El criminólogo Anthony Platt ha observado que los delitos de la calle no
son solamente fruto de la pobreza extrema. También son fruto de la ética
individualista. La obsesión social del éxito, dice Platt, incide
decisivamente sobre la apropiación ilegal de las cosas. Yo siempre he
escuchado decir que el dinero no produce la felicidad; pero cualquier
televidente pobre tiene motivos de sobra para creer que el dinero produce
algo tan parecido, que la diferencia es asunto de especialistas.

Según el historiador Eric Hobsbawm, el siglo XX puso fin a siete mil años
de vida humana centrada en la agricultura desde que aparecieron los
primeros cultivos, a fines del paleolítico. La población mundial se
urbaniza, los campesinos se hacen ciudadanos. En América Latina tenemos
campos sin nadie y enormes hormigueros urbanos: las mayores ciudades del
mundo, y las más injustas. Expulsados por la agricultura moderna de
exportación, y por la erosión de sus tierras, los campesinos invaden los
suburbios. Ellos creen que Dios está en todas partes, pero por experiencia
saben que atiende en las grandes urbes. Las ciudades prometen trabajo,
prosperidad, un porvenir para los hijos. En los campos, los esperadores
miran pasar la vida, y mueren bostezando; en las ciudades, la vida ocurre,
y llama. Hacinados en tugurios, lo primero que descubren los recién
llegados es que el trabajo falta y los brazos sobran, que nada es gratis y
que los más caros artículos de lujo son el aire y el silencio.
Mientras nacía el siglo XIV, fray Giordano da Rivalto pronunció en
Florencia un elogio de las ciudades. Dijo que las ciudades crecían «porque
la gente tiene el gusto de juntarse». Juntarse, encontrarse. Ahora, ¿quién
se encuentra con quién? ¿Se encuentra la esperanza con la realidad? El
deseo, ¿se encuentra con el mundo? Y la gente, ¿se encuentra con la gente?
Si las relaciones humanas han sido reducidas a relaciones entre cosas,
¿cuánta gente se encuentra con las cosas?

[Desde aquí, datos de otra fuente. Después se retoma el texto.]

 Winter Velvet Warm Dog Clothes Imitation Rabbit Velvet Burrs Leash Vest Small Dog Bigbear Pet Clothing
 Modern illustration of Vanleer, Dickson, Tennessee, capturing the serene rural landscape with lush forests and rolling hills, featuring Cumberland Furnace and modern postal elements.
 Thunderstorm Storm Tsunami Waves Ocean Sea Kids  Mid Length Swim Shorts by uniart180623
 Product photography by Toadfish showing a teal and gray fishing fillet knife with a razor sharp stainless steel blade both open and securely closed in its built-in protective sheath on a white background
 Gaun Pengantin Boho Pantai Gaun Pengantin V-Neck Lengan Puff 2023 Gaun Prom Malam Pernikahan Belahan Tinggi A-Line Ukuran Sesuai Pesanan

El mundo entero tiende a convertirse en una gran pantalla de televisión,
donde las cosas se miran pero no se tocan. Las mercancías en oferta
invaden y privatizan los espacios públicos. Las estaciones de autobuses y
de trenes, que hasta hace poco eran espacios de encuentro entre personas,
se están convirtiendo ahora en espacios de exhibición comercial.

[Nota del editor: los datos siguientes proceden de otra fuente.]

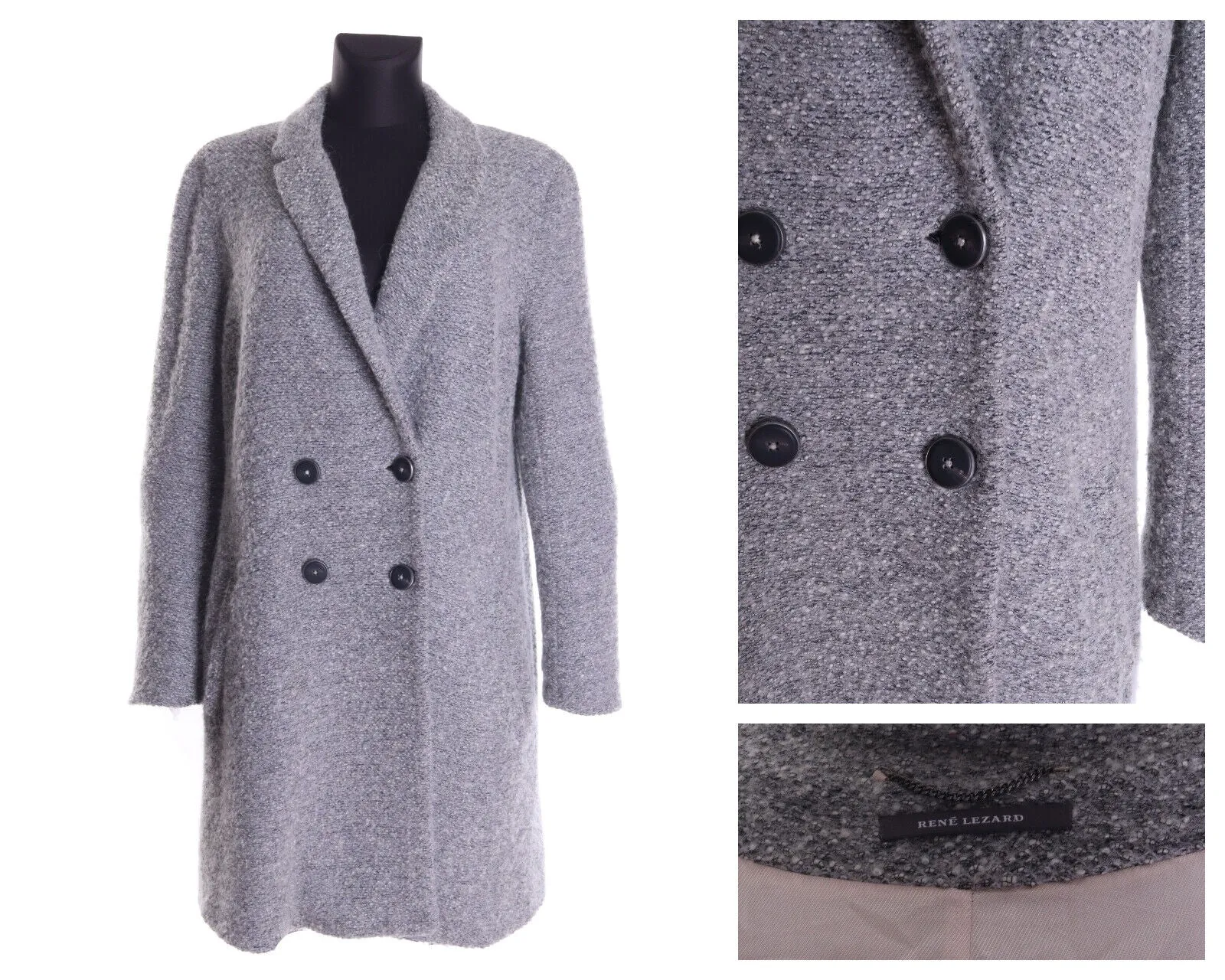 Women's RENE LEZARD Grey Cotton Wool Double-Breasted Pile Coat Overcoat Size 40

El shopping center, o shopping mall, vidriera de todas las vidrieras,
impone su presencia avasallante. Las multitudes acuden, en peregrinación,
a este templo mayor de las misas del consumo. La mayoría de los devotos
contempla, en éxtasis, las cosas que sus bolsillos no pueden pagar,
mientras la minoría compradora se somete al bombardeo de la oferta
incesante y extenuante. El gentío, que sube y baja por las escaleras
mecánicas, viaja por el mundo: los maniquíes visten como en Milán o París
y las máquinas suenan como en Chicago, y para ver y oír no es preciso
pagar pasaje. Los turistas venidos de los pueblos del interior, o de las
ciudades que aún no han merecido estas bendiciones de la felicidad
moderna, posan para la foto, al pie de las marcas internacionales más
famosas, como antes posaban al pie de la estatua del prócer en la plaza.

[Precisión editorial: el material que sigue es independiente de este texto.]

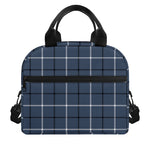 Dark Blue Tattersall Pattern Print Insulated Lunch Bag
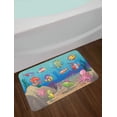 thumbnail image 2 of Under the Sea Bath Mat, Colorful Cartoon Sea Animals Undersea Bottom with Seaweed and Fish, Plush Bathroom Decor Mat with Non Slip Backing, 29.5" X 17.5", Sea Blue Multicolor, by Ambesonne, 2 of 2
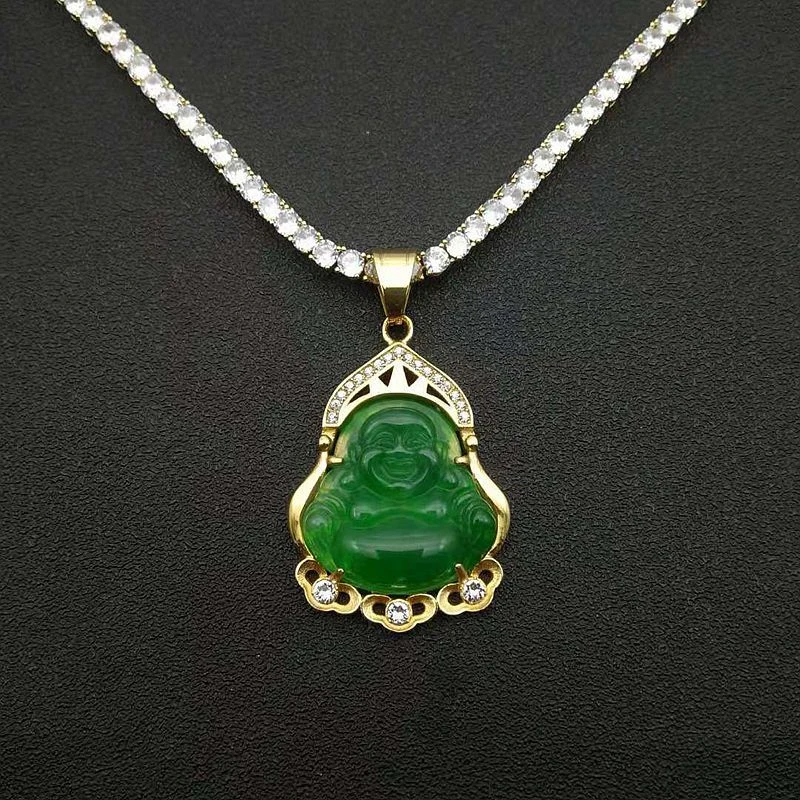 钛钢吊坠 真空镀金水钻树脂玉弥勒佛吊坠项链个性中国风轻奢镶嵌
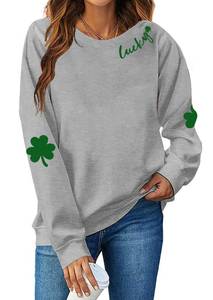lot 2351 image: St Patricks Day Sweatshirt Women St Patricks Day Shirt Funny Shamrock Sweater Irish Lucky Long Sleeve Pullover Tops M
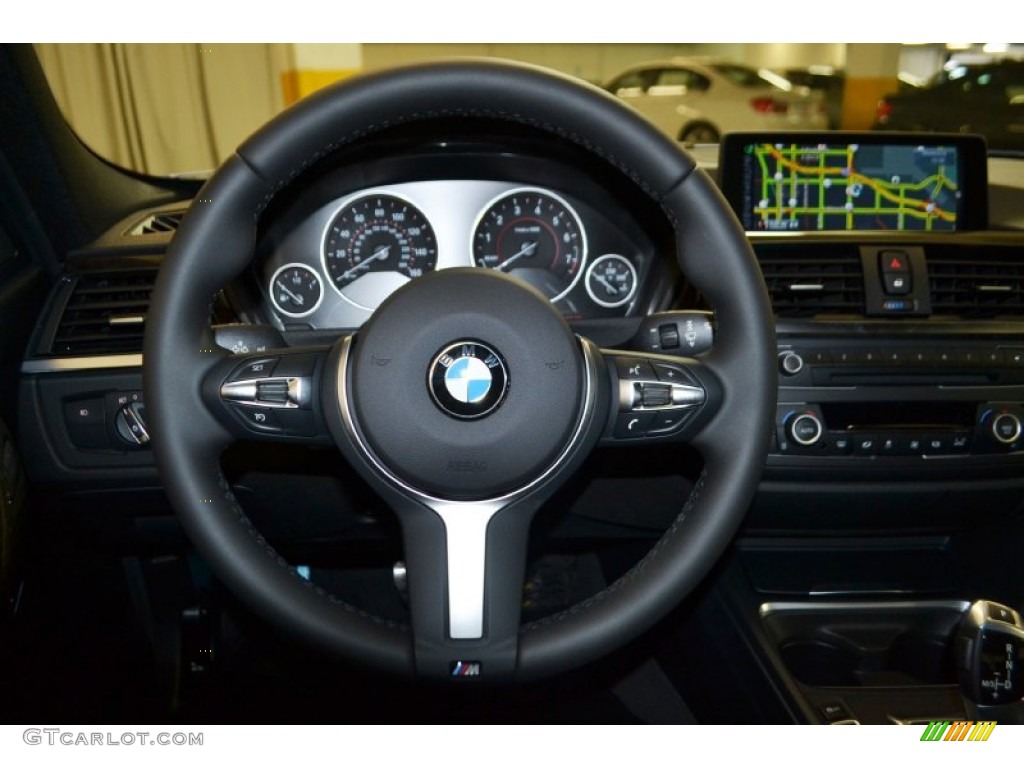 2015 BMW 3 Series 328i Sedan Black Steering Wheel Photo #99198799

Beatriz Solano ha observado que los habitantes de los barrios suburbanos
acuden al center, al shopping center, como antes acudían al centro. El
tradicional paseo del fin de semana al centro de la ciudad, tiende a ser
sustituido por la excursión a estos centros urbanos. Lavados y planchados
y peinados, vestidos con sus mejores galas, los visitantes vienen a una
fiesta donde no son convidados, pero pueden ser mirones. Familias enteras
emprenden el viaje en la cápsula espacial que recorre el universo del
consumo, donde la estética del mercado ha diseñado un paisaje alucinante
de modelos, marcas y etiquetas.

La cultura del consumo, cultura de lo efímero, condena todo al desuso
mediático. Todo cambia al ritmo vertiginoso de la moda, puesta al servicio
de la necesidad de vender. Las cosas envejecen en un parpadeo, para ser
reemplazadas por otras cosas de vida fugaz. Hoy que lo único que permanece
es la inseguridad, las mercancías, fabricadas para no durar, resultan tan
volátiles como el capital que las financia y el trabajo que las genera. El
dinero vuela a la velocidad de la luz: ayer estaba allá, hoy está aquí,
mañana quién sabe, y todo trabajador es un desempleado en potencia.
Paradójicamente, los shoppings centers, reinos de la fugacidad, ofrecen la
más exitosa ilusión de seguridad. Ellos resisten fuera del tiempo, sin
edad y sin raíz, sin noche y sin día y sin memoria, y existen fuera del
espacio, más allá de las turbulencias de la peligrosa realidad del mundo.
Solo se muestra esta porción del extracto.